In the meantime, your assistant (i.e. the “interrupt service routine”) then gets on your computer.
While you are in the break room, your assistant changes the revenue on your spreadsheet in January 2018, increasing it from $10,000 to $15,000. He then leaves the room.
You then return from the break room. You get back in your chair and continue entering in the numbers in your calculator for the other nine months, for April through December. You conclude that the revenue for 2018 was $10000 per month for 12 months (i.e. $120,000). You record that number so that you can use it for your tax filings. Oops! See the mistake?
The main program (i.e. you) was unaware that the interrupt service routine (i.e. your assistant) made a change to the January 2018 revenue data, so the value of $120,000 is not consistent with the updated data. It should be $125,000 not $120,000.
This in a nutshell is the shared data problem. We need to make sure that you, the main() program, are NEVER interrupted while you are in the middle of making important calculations on your calculator. You and your assistant both share responsibility for making sure revenue is accurate, but we need to make sure you both aren’t working on the revenue at the same time.

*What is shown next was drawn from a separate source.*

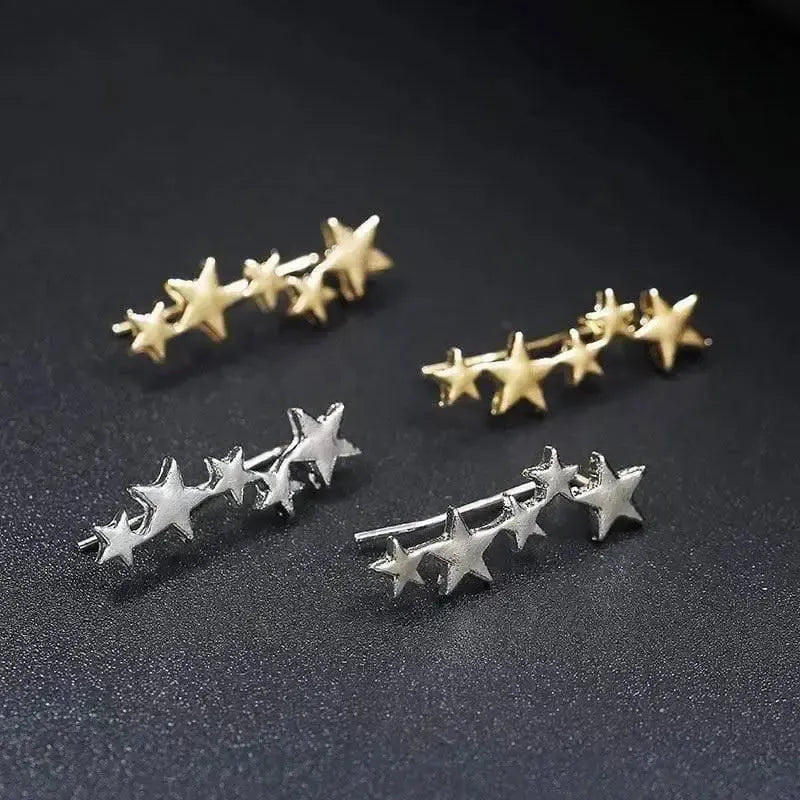 Exquisite creative five-pointed star ear bone clip earrings-1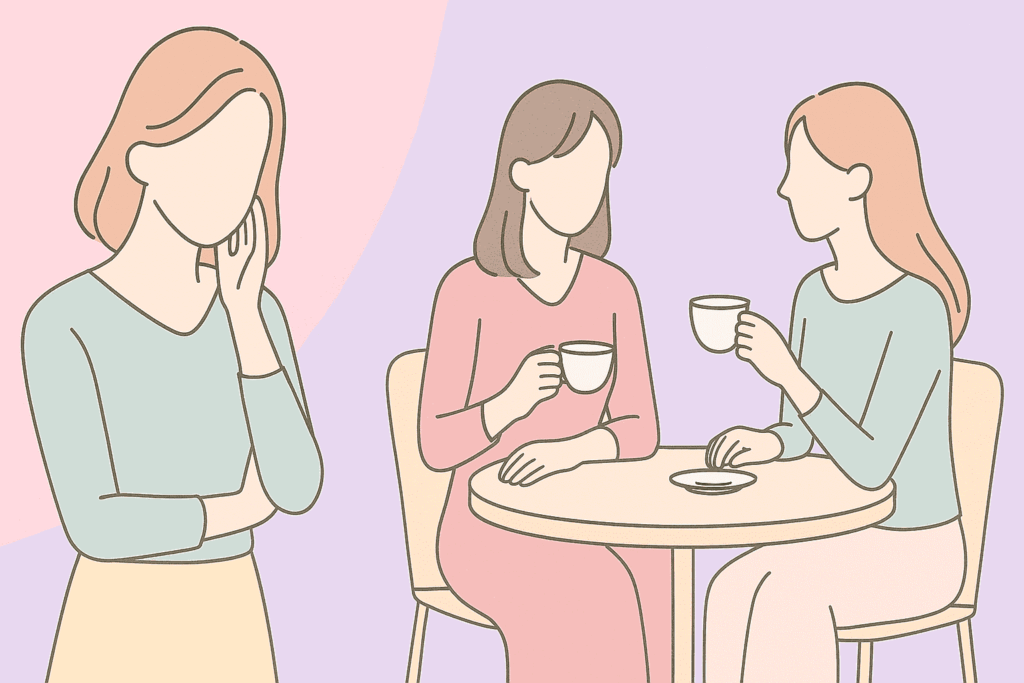 悩む女性とお茶する女性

In the real world, this would take the form of you posting a “DO NOT DISTURB” sign on your door to keep your assistant out when you are making critical calculations. In software engineering, we call this “disabling interrupts.” While interrupts are disabled, nothing can interrupt the main program.
Real-World Example: Designing an Automatic Doggy Door
Let’s look at a real-world example to further show you the shared data problem.
Problem
Imagine you are a software engineer working at a company. Your team is responsible for designing an automatic dog entry door. This embedded device can be wirelessly updated with RFID tags for dogs or other pets to be allowed entry.

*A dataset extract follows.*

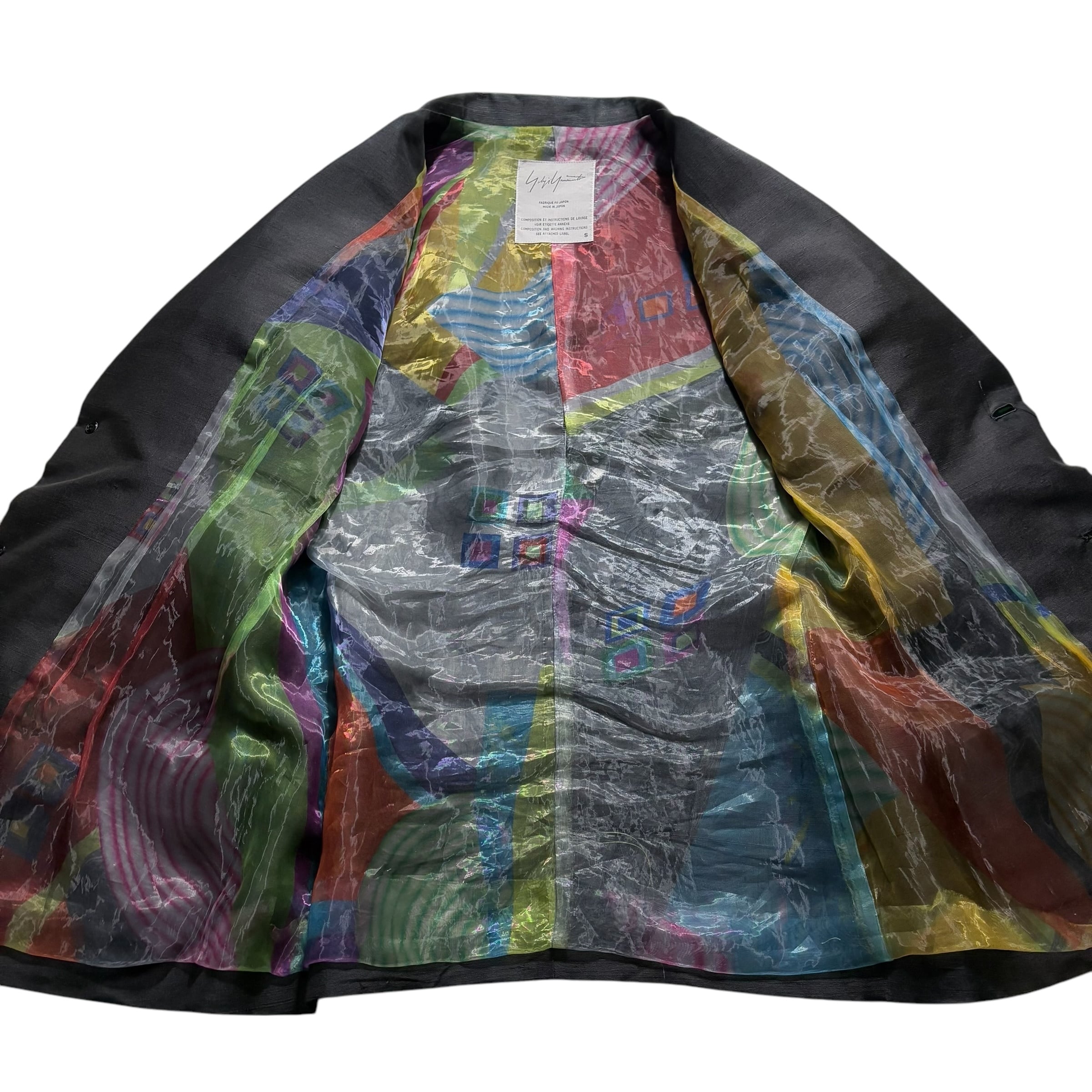archive 1997SS YOHJI YAMAMOTO black silk jacket with see-through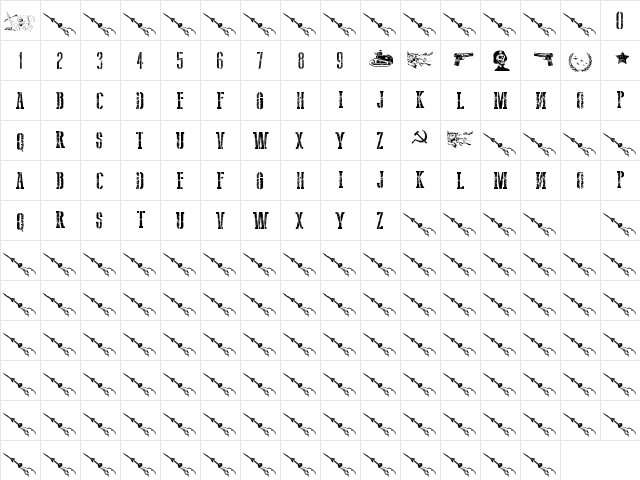 USSR Army Regular  glyph index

The door needs to automatically unlock for dogs that are in the vicinity of the door. A pet must be allowed to enter even when the table of RFID tags is being updated. The RFID tag IDs are shared data since the interrupt service routine that must update the tag IDs and the main() program that is responsible for automatically unlocking the door when dogs are in the vicinity both share and use this data. A problem will occur when the doggy door is in the middle of an RFID tag ID update when a dog needs to get through the door. We wouldn’t want to let the poor dog wait outside in the freezing cold while the device is in the middle of an RFID tag update!

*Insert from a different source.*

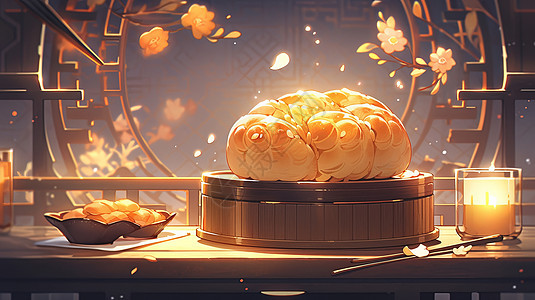 中秋节放在盒子上美味的传统糕点图片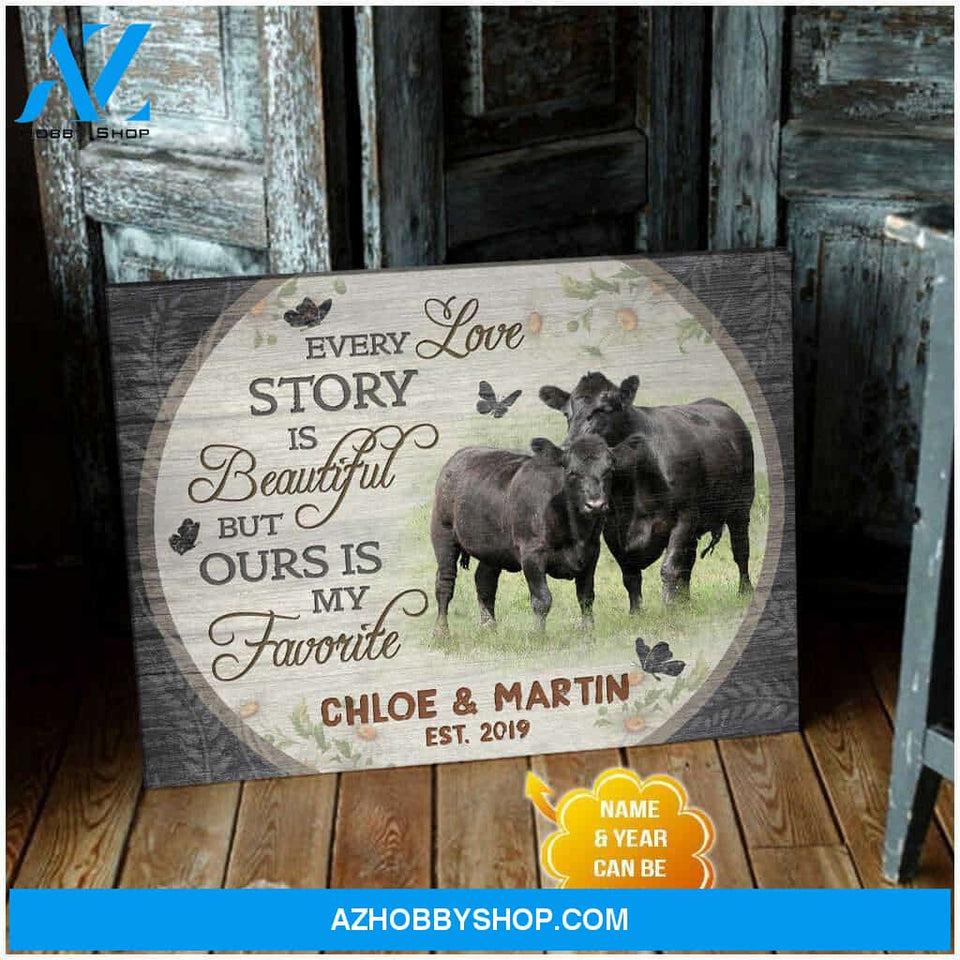Personalized Angus Cow Every Love Story Is Beautiful Gift For Couple Canvas Wall Art Decor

How do we create a solution that solves the shared data problem? The RFID tags need to be updated regularly but that same data is needed regularly by the main() program to let dogs enter when they need to. Let’s solve this now.
System Requirements
This embedded device can be wirelessly updated with RFID tags.
Dogs or other pets must be allowed entry when they are in the vicinity of the door.
Dog must be allowed to enter even when the table of RFID tags is being updated.
RFID tag IDs are shared data which must be managed.
In the shared data problem for the doggy door controller, we need to make sure the dog can enter at all times while the RFID tags are being updated. Because this is a dog, it is unacceptable for the door to remain locked and keep a dog waiting.
Implementation
To solve this problem, I would design the following loop for the main program in pseudocode:
While (True)
// Begin Critical Section of Code - Can't Be Interrupted
Disable_interrupts()
Scan to see if dogs are in the area (i.e. RFID scan)
If a valid dog is in the area, unlock the door
Else, do nothing
// End Critical Section of Code That Can't Be Interrupted
Re-enable_interrupts()
Update RFID table (interrupt service routine)
// In the meantime, dog is walking through the door
Check if the door is unlocked
If the door is unlocked, delay 30 seconds to give
the dog sufficient time to enter
Make sure the doggy door is locked
Go back to the beginning of this loop
The above architecture satisfies the requirements and enables a dog to enter even when the table of RFID tags is in the middle of an update.